= Data to examine =
------------------------------------------------------------------------

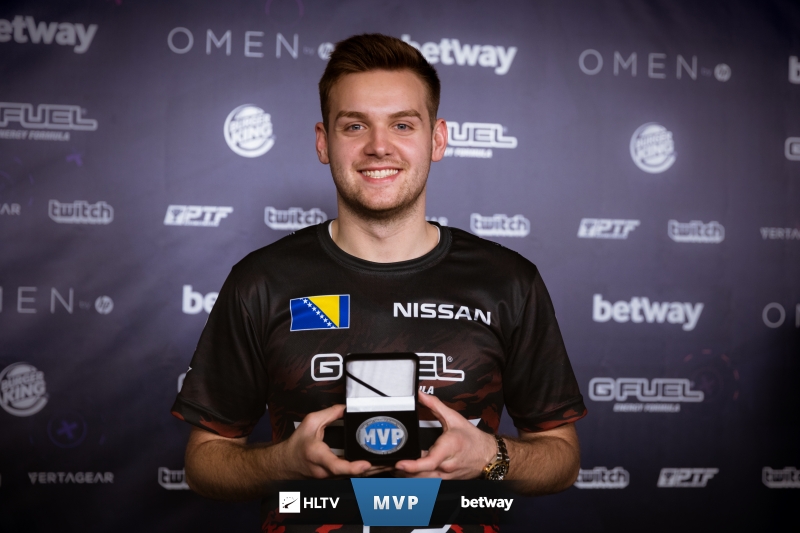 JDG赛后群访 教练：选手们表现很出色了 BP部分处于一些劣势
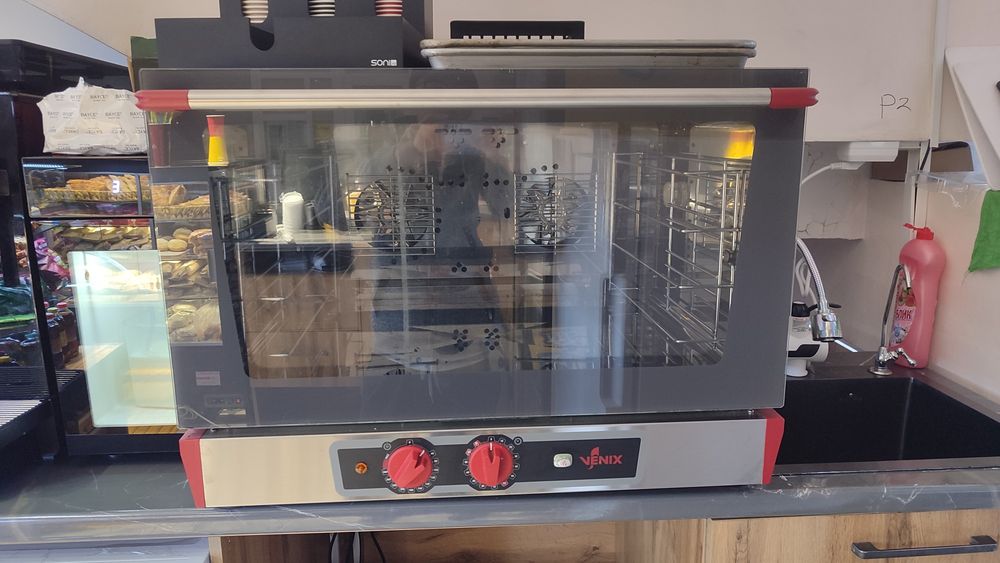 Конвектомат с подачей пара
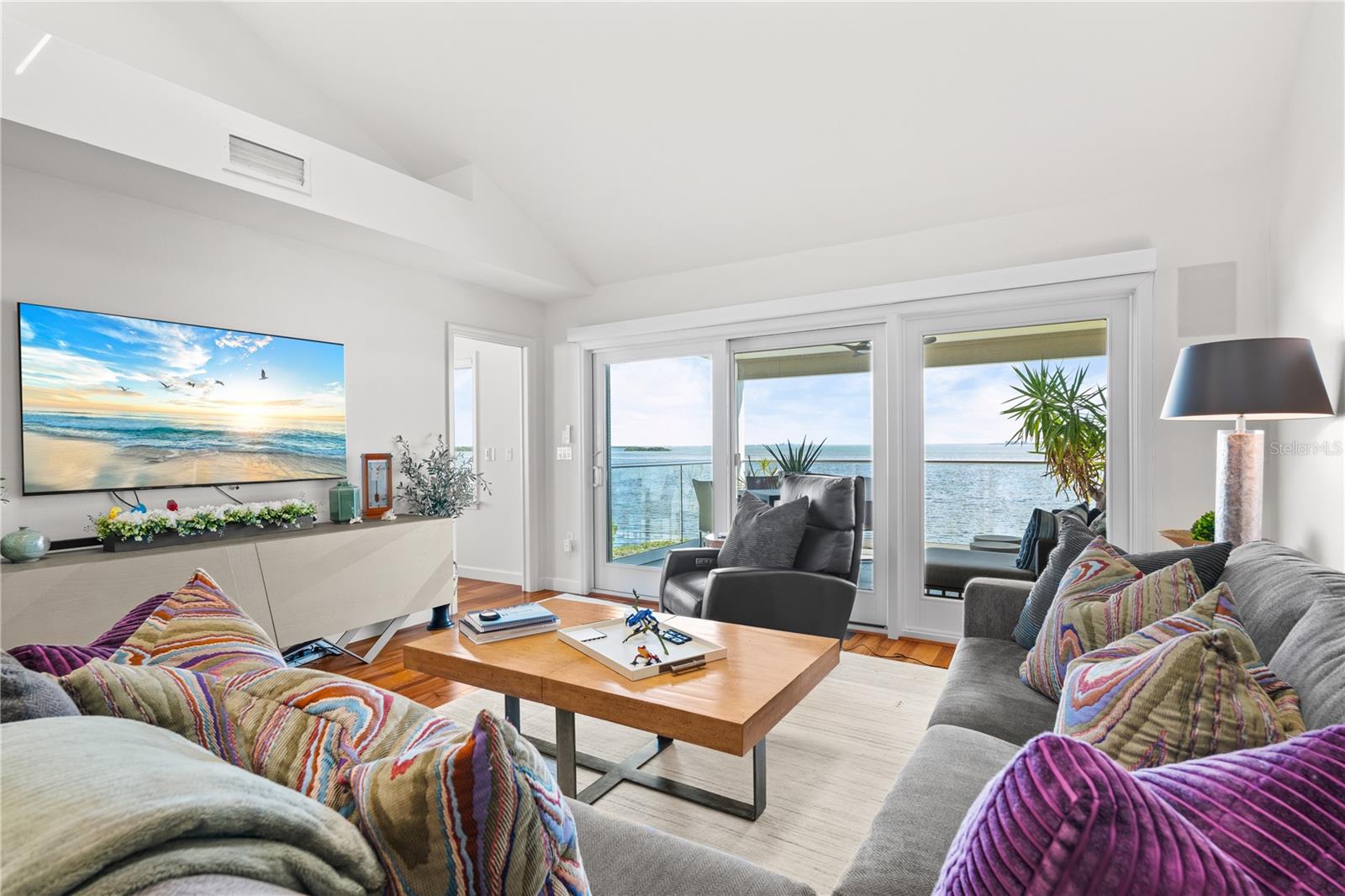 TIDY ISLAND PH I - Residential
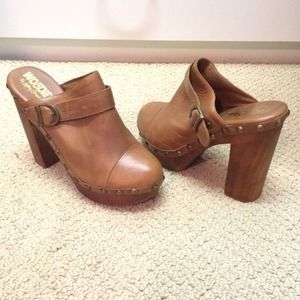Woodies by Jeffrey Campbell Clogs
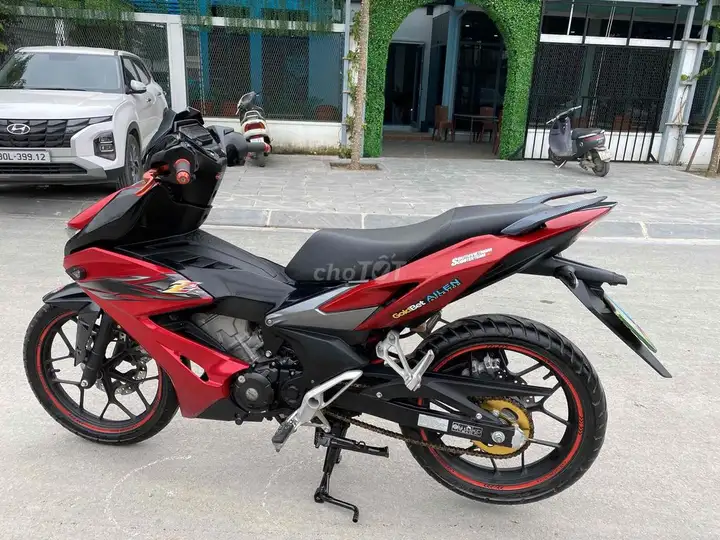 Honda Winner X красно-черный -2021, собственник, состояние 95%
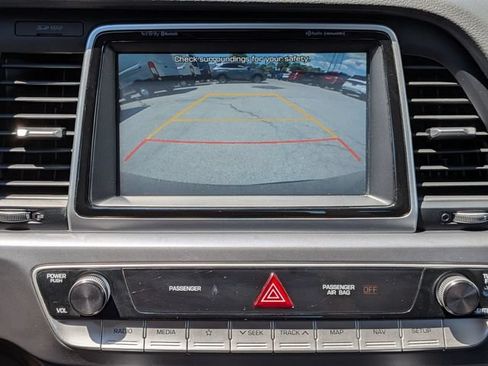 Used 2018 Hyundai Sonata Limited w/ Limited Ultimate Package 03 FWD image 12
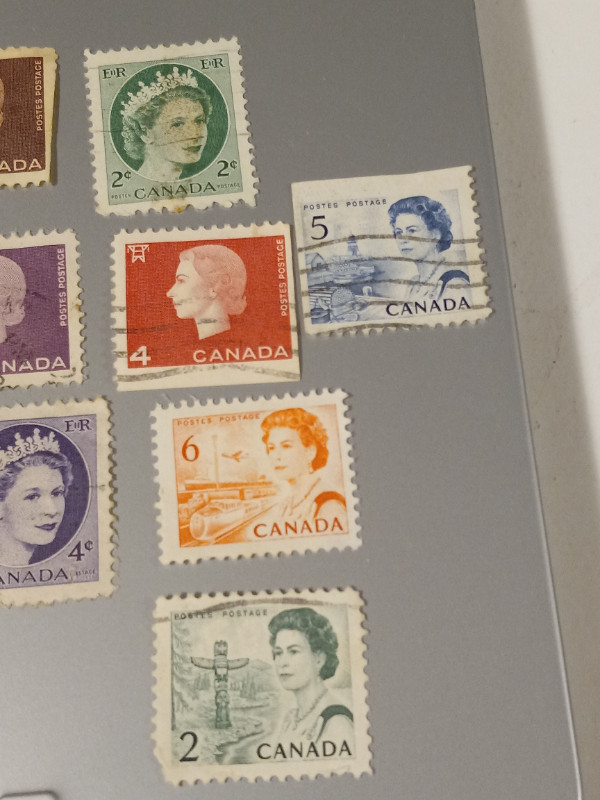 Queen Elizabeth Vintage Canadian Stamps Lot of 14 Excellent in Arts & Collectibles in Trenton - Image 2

------------------------------------------------------------------------

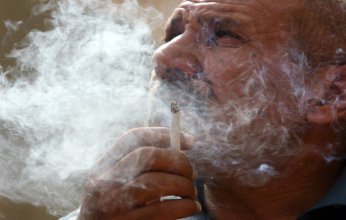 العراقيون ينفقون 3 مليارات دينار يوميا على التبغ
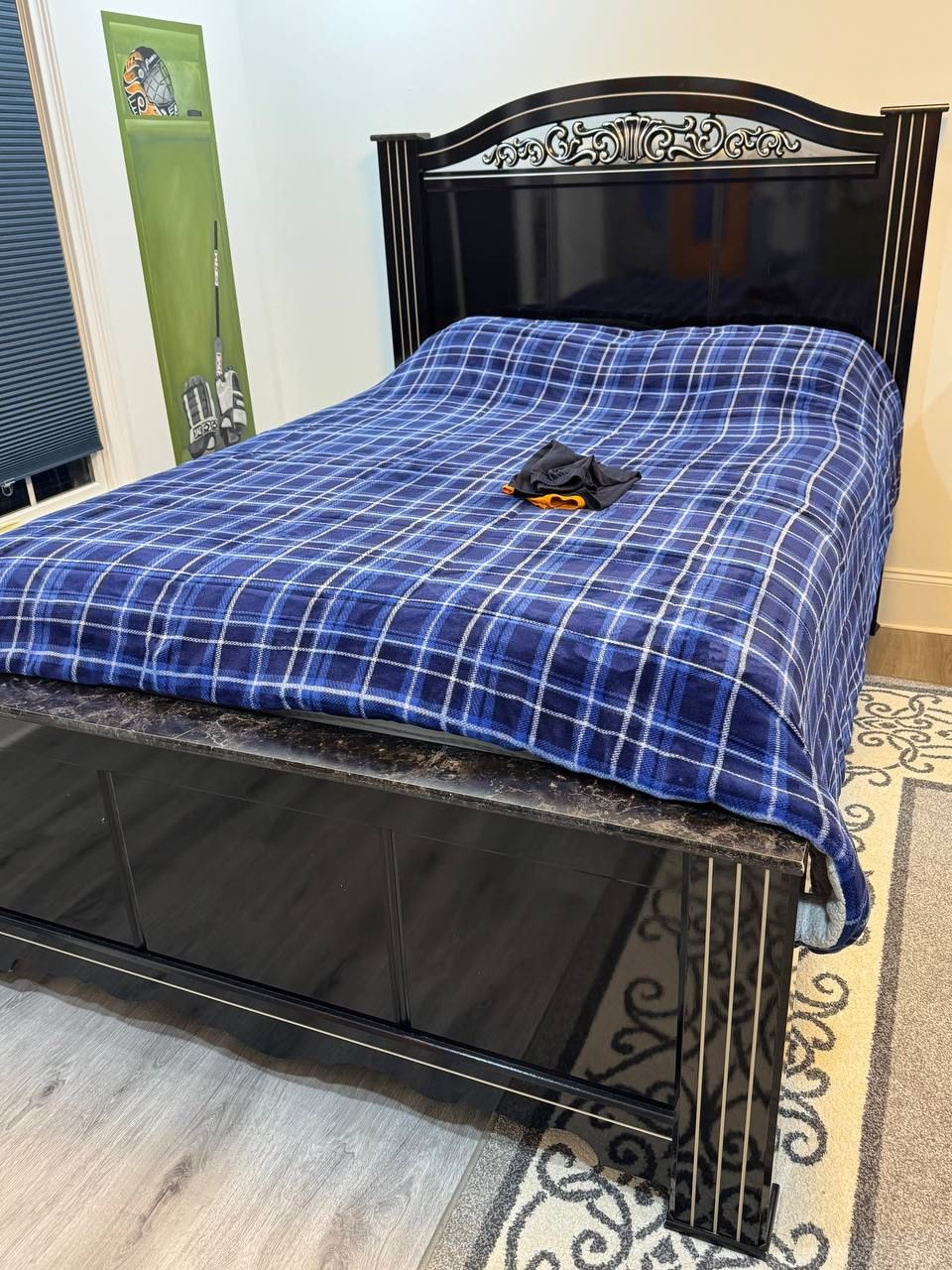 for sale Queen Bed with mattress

------------------------------------------------------------------------

= What is expected =
In the listing above, find the line with "Конвектомат с подачей пара" and the line with "Queen Elizabeth Vintage". Output both, plus every line between them, and no pictures.

= Response to the exercise =
 Конвектомат с подачей пара
 TIDY ISLAND PH I - Residential
Woodies by Jeffrey Campbell Clogs
 Honda Winner X красно-черный -2021, собственник, состояние 95%
 Used 2018 Hyundai Sonata Limited w/ Limited Ultimate Package 03 FWD image 12
 Queen Elizabeth Vintage Canadian Stamps Lot of 14 Excellent in Arts & Collectibles in Trenton - Image 2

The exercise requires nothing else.